Memory size: 2048 Megabytes

I am trying to pull out just the “Sun Microsystems” and just the “Sun Fire 280R”, from the first line, but I cannot rely on the “sun4u” being constant (it could be something else, like “i86pc” or “sun4us”) and I cannot rely on the “(2 X UltraSPARC-III+)” being there either. I thought about hoping a number of spaces from a specific spot, but didn’t know how to count thru them in relevance.

Any ideas on how to grab this text out of this line?

Thanks

(imported comment written by SystemAdmin)

If you think this is a very typical example, I think the following might work for you, assuming that the first 41 characters are standard, the ‘sun4u’ entries do not have spaces and the trailing information is in parentheses. I would normally do a bit of background work* to see whether the “Sun Workstations” entry is typical (for your machines), the two spaces in the middle of the string are always present, etc.
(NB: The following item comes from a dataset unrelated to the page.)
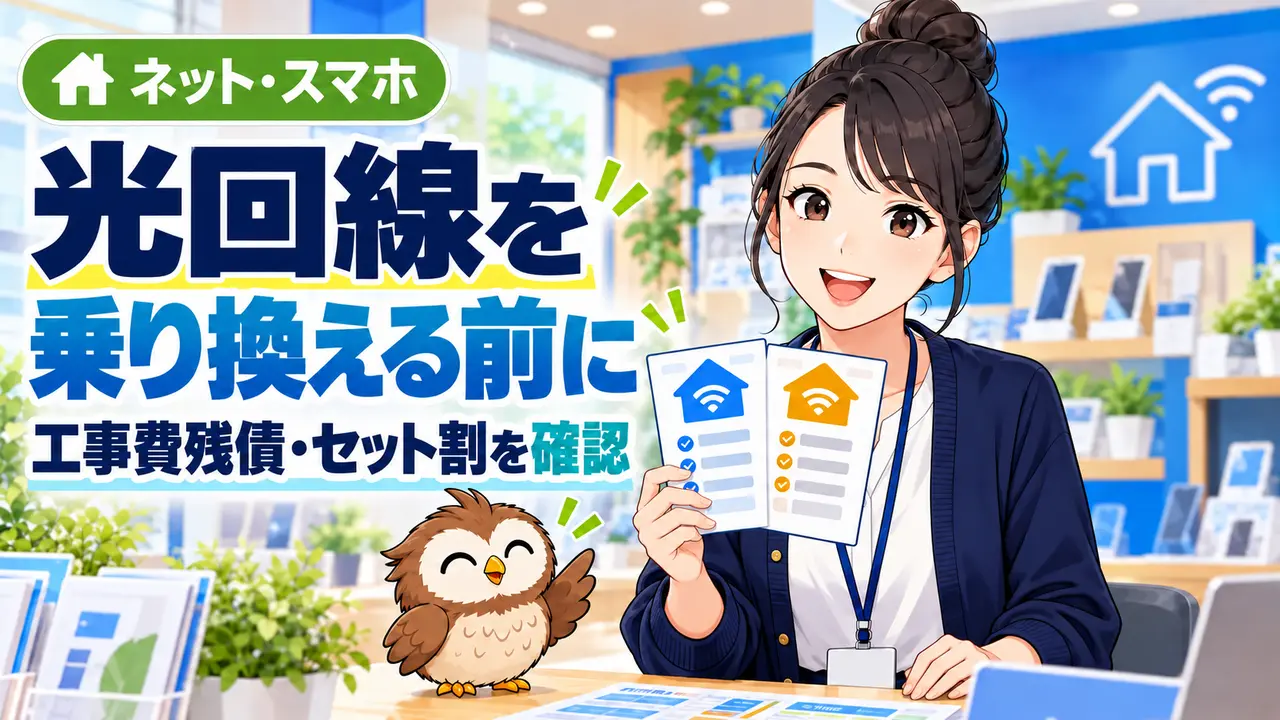 光回線を乗り換える前に工事費残債とセット割を比較するイラスト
( IF it contains " (" THEN preceding text of first " (" of it ELSE it ) of following text of first " " of following text of position 41 of line whose (it starts with “System Configuration:”) of file “prtdiag_output”
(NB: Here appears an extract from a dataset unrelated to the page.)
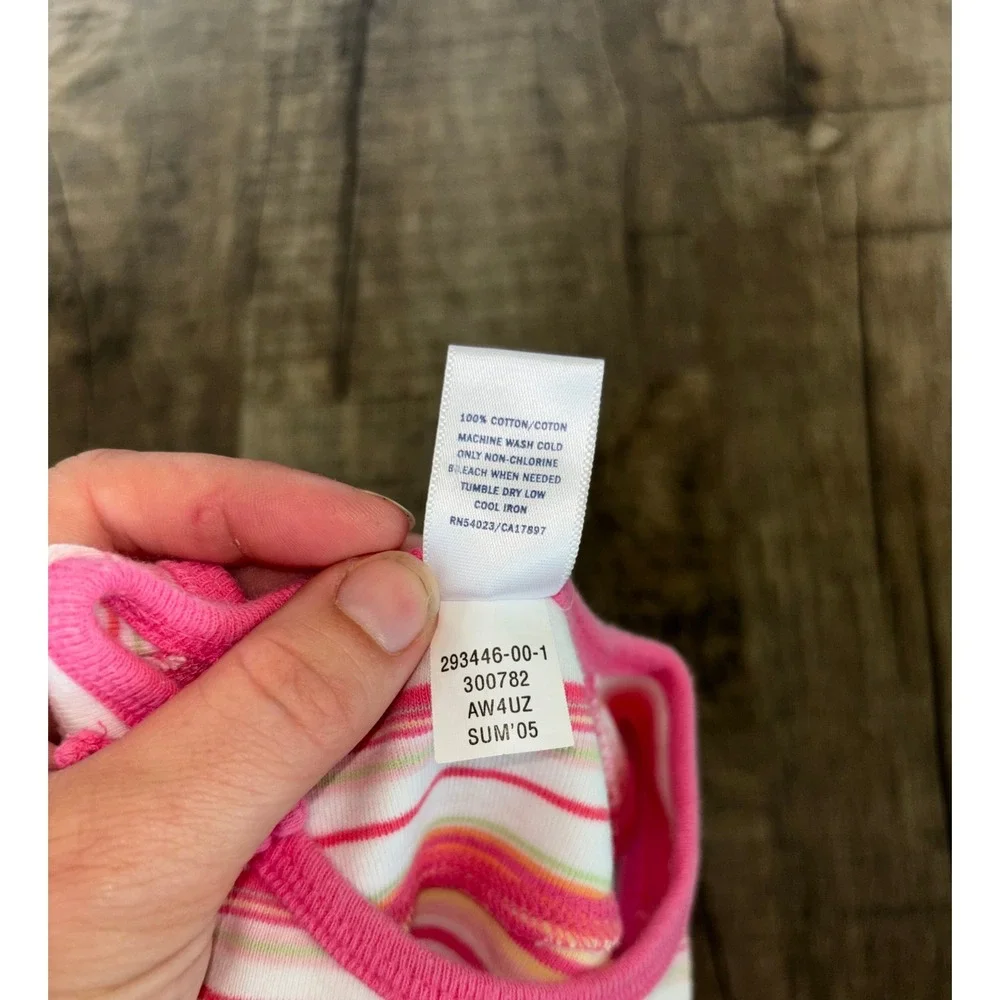 Vintage Y2K Old Navy‎ Baby Pink Orange Striped Sleeveless Bodysuit 18-24M 2005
So, assuming the first 41 chars are standard, pull the specific line, take the trailing string after the known length of the beginning, then extract the following text after the first space found, with the final option to lop off any data from the end if there is a " (" in the string.

*A thought springs to mind when I read questions like this…do I actually have enough information to make a proper decision? The answer here is probably not. My concern is not about the data you’ve given for one machine, but for all the other data you’re going to get back from the other machines.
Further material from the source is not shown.